A plan nobody wants to fail

Government, bankers and bank workers yesterday continued deliberations over a bank-authored plan to tackle the pressing problem of overhauling the sector’s pension system. The overhaul is considered essential for banks’ financial health and seen as a prelude to a wider reform of the country’s social insurance system. Economy Minister Giorgos Alogoskoufis met the board of the Hellenic Banks Association (HBA) for a discussion of the plan – unofficially put forward by Piraeus Bank president Michalis Sallas last week and sponsored by HBA – which envisages roughly equal bank and government contributions to a unified auxiliary pension fund. «The HBA plan is a basis for discussion. There are many difficulties and peculiarities for each bank,» said HBA president Yiannis Costopoulos.
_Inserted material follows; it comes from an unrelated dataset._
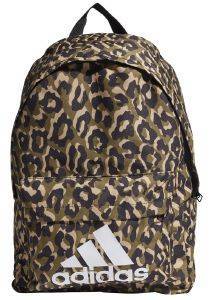ΤΣΑΝΤΑ ΠΛΑΤΗΣ ADIDAS PERFORMANCE BADGE OF SPORT LEOPARD BACKPACK ΧΑΚΙ/ΜΠΕΖ ΤΣΑΝΤΑ ΠΛΑΤΗΣ ADIDAS PERFORMANCE BADGE OF SPORT LEOPARD BACKPACK ΧΑΚΙ/ΜΠΕΖ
The issue is pressing because banks’ actuarial liabilities toward their employees’ auxiliary pension funds – and which, according to the International Accounting Standards due for implementation next year, will have to be deducted from their equity capital – are so large that a number of them, notably Emporiki, are in danger of collapse. This evidently holds wider implications for the banking system and the stock market. Sources said Alogoskoufis intends to clarify his position after a meeting with union leaders next week. In a press briefing, Federation of Bank Employees (OTOE) Dimitris Tsoukalas welcomed the Sallas plan as the first development toward a comprehensive solution and urged HBA to submit it officially so that a dialogue could begin. However, he indicated that a number of points in the unofficial draft that «would have to be lifted for an agreement to be reached,» notably the lack of a special funding provision for the transfer of the 18,000 bank workers’ main pensions to the Social Security Foundation (IKA). Separately, European Environment Commissioner Stavros Dimas said early retirement provisions would have to be scrapped as elsewhere in Europe, and that it was unacceptable for the Greek taxpayer to subsidize the cost of the scheme.